Но даже после этого фильма ему не дали визу. Наоборот, еще раз посоветовали ехать в Непал, делать там свой непальский паспорт, который давно уже весь вышел… и вот тогда, может быть…
Сом ходил синий от ярости. Немецкая жена была в отчаянии. Она приезжала к нему каждые две недели на старом «фольксвагене».
Это было зрелище, которое нельзя было пропустить. Она громко хлопала дверцей, выносила ящик пива, тащила по-мужицки — коленками врозь — в его комнату. Китаец загодя испарялся. Она хозяйничала, что-то громко выговаривала Сому, который стыдливо тащился за ней с сеточкой какой-то жрачки, с блоками сигарет и бутылью виски. Они запирались и не показывались долго-долго, а потом выходили в халатах и шли мыться. И мылись долго-долго-долго.
Бедный Сом был всегда так изможден после ее наездов…
Она была, очевидно, много старше его. Даже принимая во внимание антропологическое свойство желтых долго сохраняться и выглядеть мальчиками в сорок пять лет. Даже знание этого не спасало положения. Было видно, что ей уже далеко за сорок, а Сому, вероятно, не было тридцати. В любом случае, такая мерзкая была она баба, что сколько бы ей ни было, это дополнительно ничего не смогло бы сообщить их союзу.
Сом ее очень стеснялся. Прятал в своей комнате, громко исполнял свой супружеский долг, а потом торопил обратно в Германию. Но та никак не торопилась уезжать. Частенько случалось, что, напившись, она выбиралась из комнаты, выходила на кухню и заводила с кем-нибудь беседу. Приставала к эфиопу Самсону. Тот был такой смазливенький, но плохо говорил по-немецки. Только лыбился Аршаку за картами, а Аршак мне говорил:
— Этот Непал ей очко лижет. Я в окно видел! Прикинь, очко ей лижет, урод! А ты с ним в шахматы играешь…

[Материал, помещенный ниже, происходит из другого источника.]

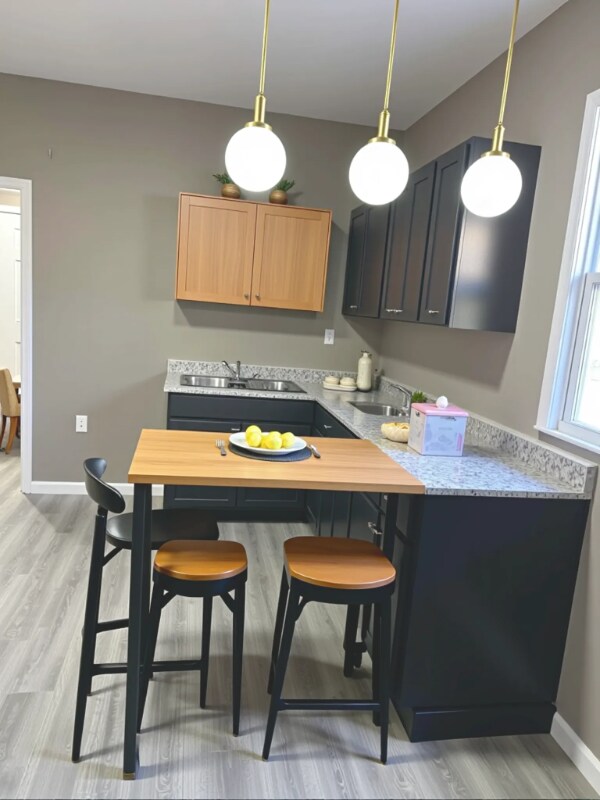 Foto del edificio - 1352 Giddings Rd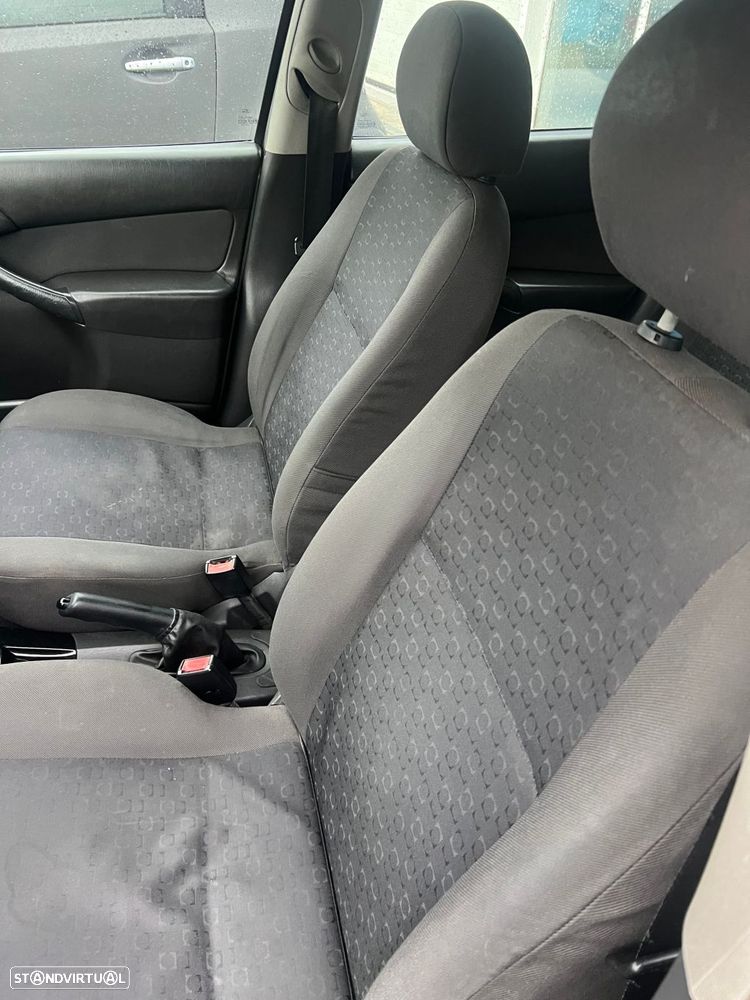 Ford Focus SW 1.8 TDdi Comfort - 14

Потом она отваливала от этой компании, приближалась к другому столику и тужилась, выдавливала из себя длинные философские фразы, которые тянула изо рта как жвачку в направлении сомалийца Камаля.
Тот долго жил в Германии и говорил по-немецки гораздо лучше ее самой, а жена его говорила на семи языках, и на каждом лучше, чем Камаль на родном! У нее было два образования. Об этом часто говорил Камаль. Он этим гордился. Его жена и по-русски говорила, но только тогда, когда ей Камаль позволял открыть рот. Без разрешения она не говорила, все время молчала, даже если его не было в лагере. Но если надо было произвести на кого-нибудь впечатление, мол, какая у него дрессированная жена, он мог ее притащить на кухню, усадить перед человеком и заставить говорить на каком угодно языке.
Так, со мной она поговорила по-русски о Петербурге, в котором изучала психологию. Говорила она действительно хорошо. Просто поразительно хорошо. Только это был единственный раз, когда я мог в этом убедиться. Больше Камаль не дал мне такой возможности. Ему больше не надо было, чтобы его баба трепалась с русским. Он произвел на меня впечатление и погнал ее в стойло. Теперь он мог ходить, задрав нос к потолку!